▶ _About this exercise_:
When you reach the line with "Used Caterpillar 336" in the records below, begin transcribing exactly and continue up to and including the line with "Весы напольные электронные", leaving out every picture.

▶ _Provided entries_:
##########

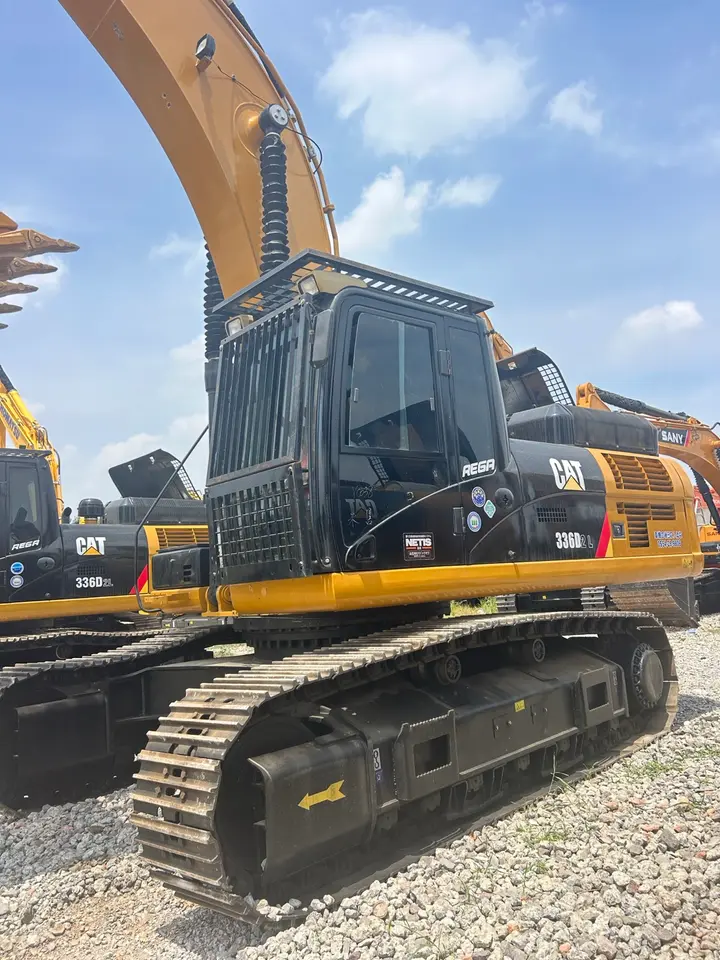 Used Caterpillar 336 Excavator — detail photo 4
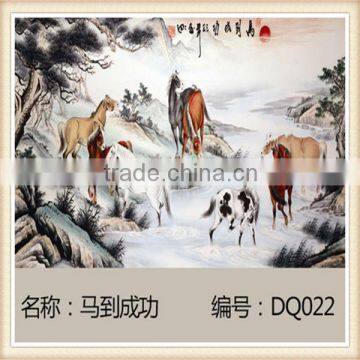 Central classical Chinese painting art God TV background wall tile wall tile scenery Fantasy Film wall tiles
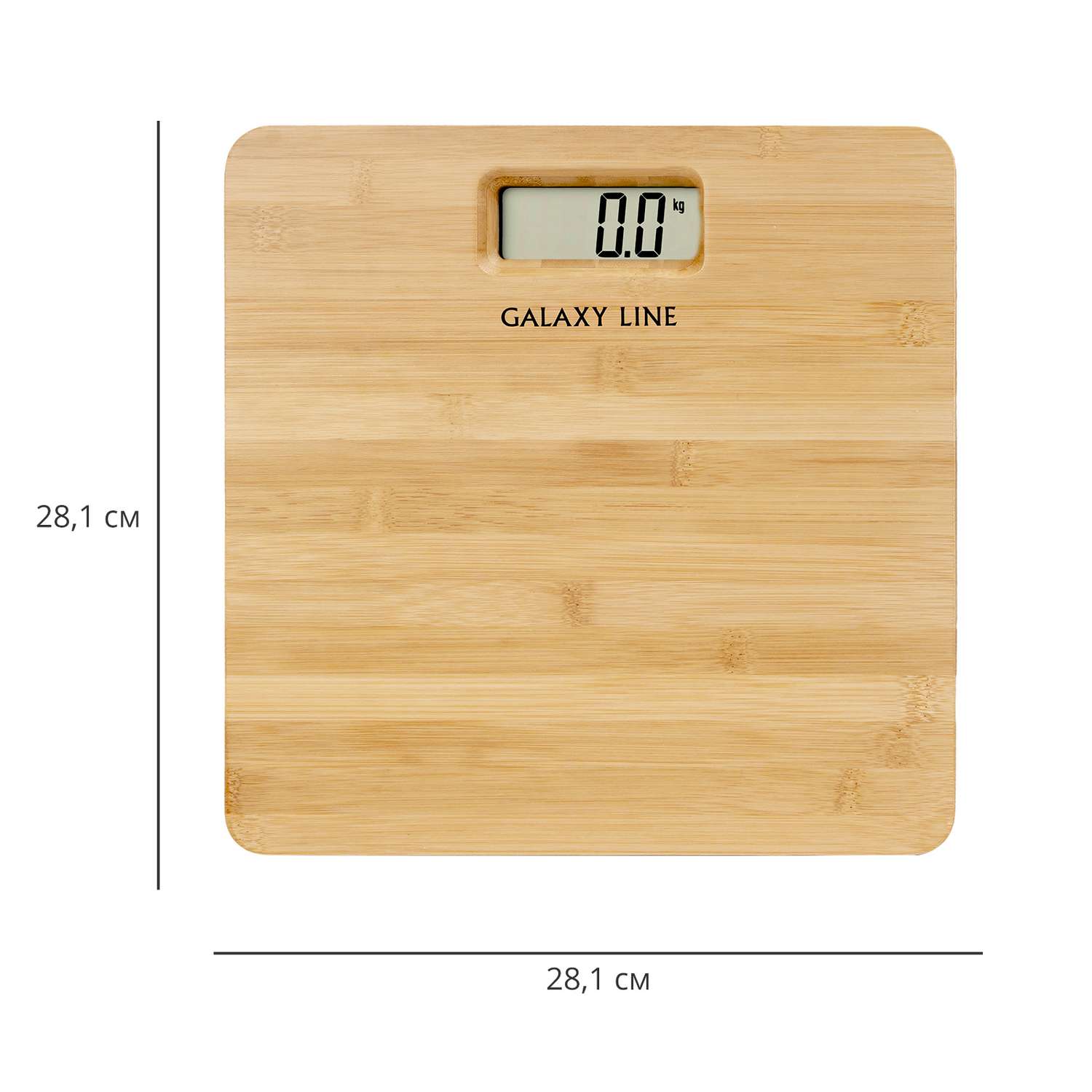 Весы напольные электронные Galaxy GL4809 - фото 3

##########

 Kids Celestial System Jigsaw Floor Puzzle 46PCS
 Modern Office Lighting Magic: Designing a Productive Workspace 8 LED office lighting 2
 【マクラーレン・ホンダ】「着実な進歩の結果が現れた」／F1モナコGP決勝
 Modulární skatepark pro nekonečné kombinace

##########

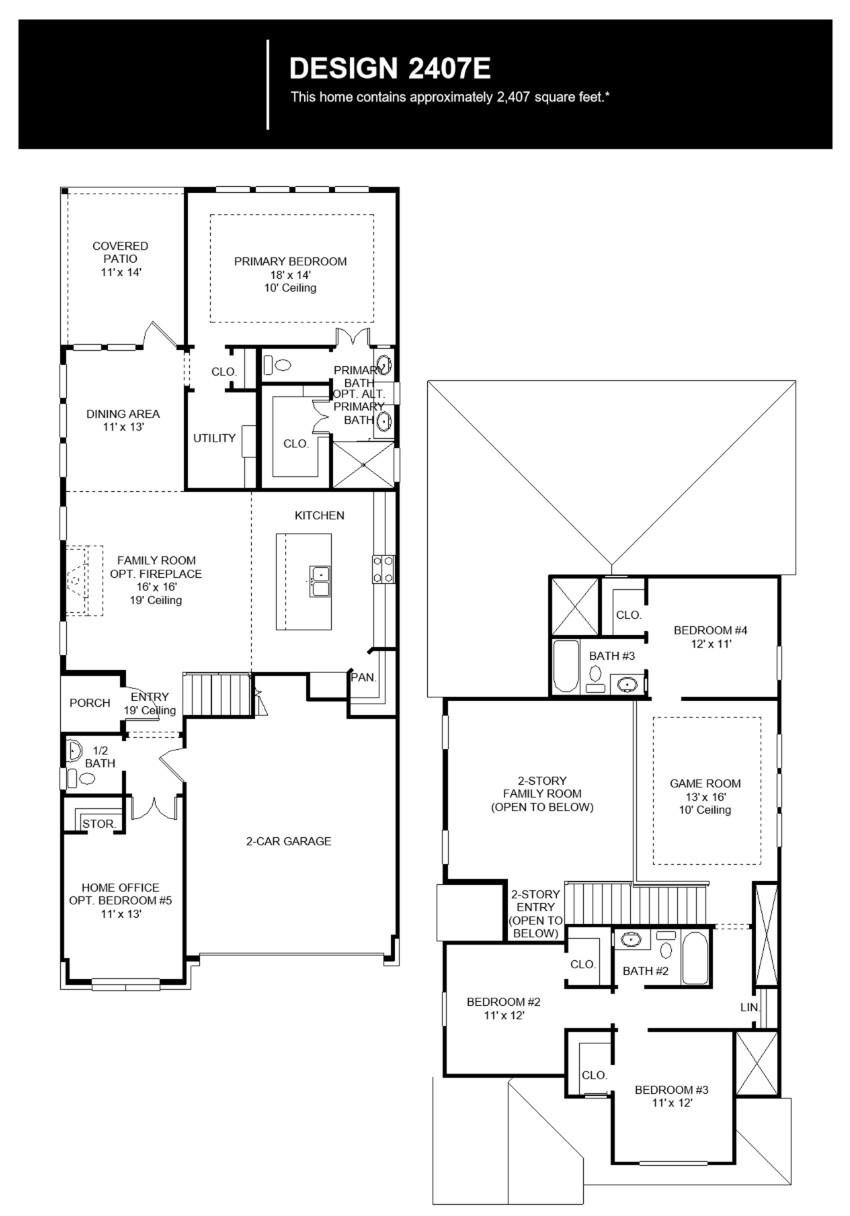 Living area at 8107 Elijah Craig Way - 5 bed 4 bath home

##########

▶ _Result_:
 Used Caterpillar 336 Excavator — detail photo 4
 Central classical Chinese painting art God TV background wall tile wall tile scenery Fantasy Film wall tiles
 Весы напольные электронные Galaxy GL4809 - фото 3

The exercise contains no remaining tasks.